Belinda Ritchie knows a thing or two about transport. Her day job is as general counsel to Arcadis, part of the consortium of companies building Sydney Metro and WestConnex. Her expertise is in project management and sorting out the legal headaches presented by large infrastructure projects.
But today she departs for a transport challenge of a different kind. She will be part of a four-woman Australian team competing in a race to cross the Gobi Desert in Mongolia on horseback. The inaugural Gobi Desert Cup across the desert known for its dunes, mountains, snow leopards and Bactrian camels, will take six days covering 80 kilometres a day. That's a long time in the saddle.
And she admits she hasn't done much preparation: "You should probably do a lot more than I have," she said. "I only found out about it five weeks ago.
Ritchie is no stranger to long hours at the reins. In 2014 she was awarded Young Adventurer of the Year by the Australian Geographic Society after spending a year riding the entire 5330 kilometres of the Bicentennial National Trail from Melbourne to the north of Cairns. It was a horsewoman friend who has just completed the trail who told her about the Gobi challenge
The race starts on Friday and contestants can walk, trot or canter starting at sunrise and each rider must reach camp before sunset. Two vet checks are held daily; one at the 40 kilometre checkpoint with 30 minutes rest for the horses and another one at the end of the day. Each day riders will be provided with a fresh Mongolian pony - a breed related to Przewalski's horse, the only true wild horse in the world, at one time extinct in the wild but reintroduced to the Mongolian steppes.
The organisers say: "The horses you will be riding will be selected after they qualify based on their health, age, experience and ability to complete long distances. The Mongolian horses selected for the cup are similar to a green horse. Get on and off quickly, make yourself discreet and you will be just fine."
A support team covers the course which runs from the start camp outside capital Ulaanbataar towards Dalanzadgad, the capital of Umnugobi south of the Gobi Desert. A traditional camp awaits at the end of each day, with a local family of herders helping to unsaddle and take care of the horses.
"Getting to know a new horse each day and finding out what their capabilities are will be the challenge," she said. "When I did the Bicentennial National Trail with three packhorses I covered about 40 kilometres a day and that was mostly walking. This will be harder both physically and mentally.

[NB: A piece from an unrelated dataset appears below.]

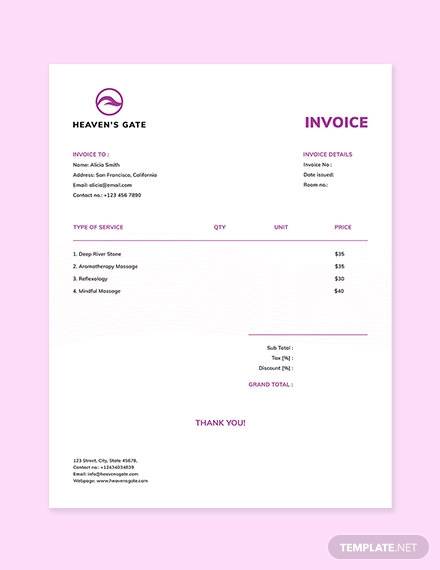 free 40 sample printable invoices in ms word pdf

"The food will be provided by a chef - apparently he competed in Mongolian Masterchef but I don't know if he won."
Ritchie is joining the race to try to raise awareness of Engineering Aid which is a charity that encourages Indigenous students to study engineering at university. It provides scholarships and workplace experience.
She says there is one advantage of riding in the Mongolian steppes compared with the national trail of rural Australia. "I am looking forward to riding 480 kilometres without seeing a single fence or a gate," she said. "On the national trail I must have opened more gates than I have had hot dinners."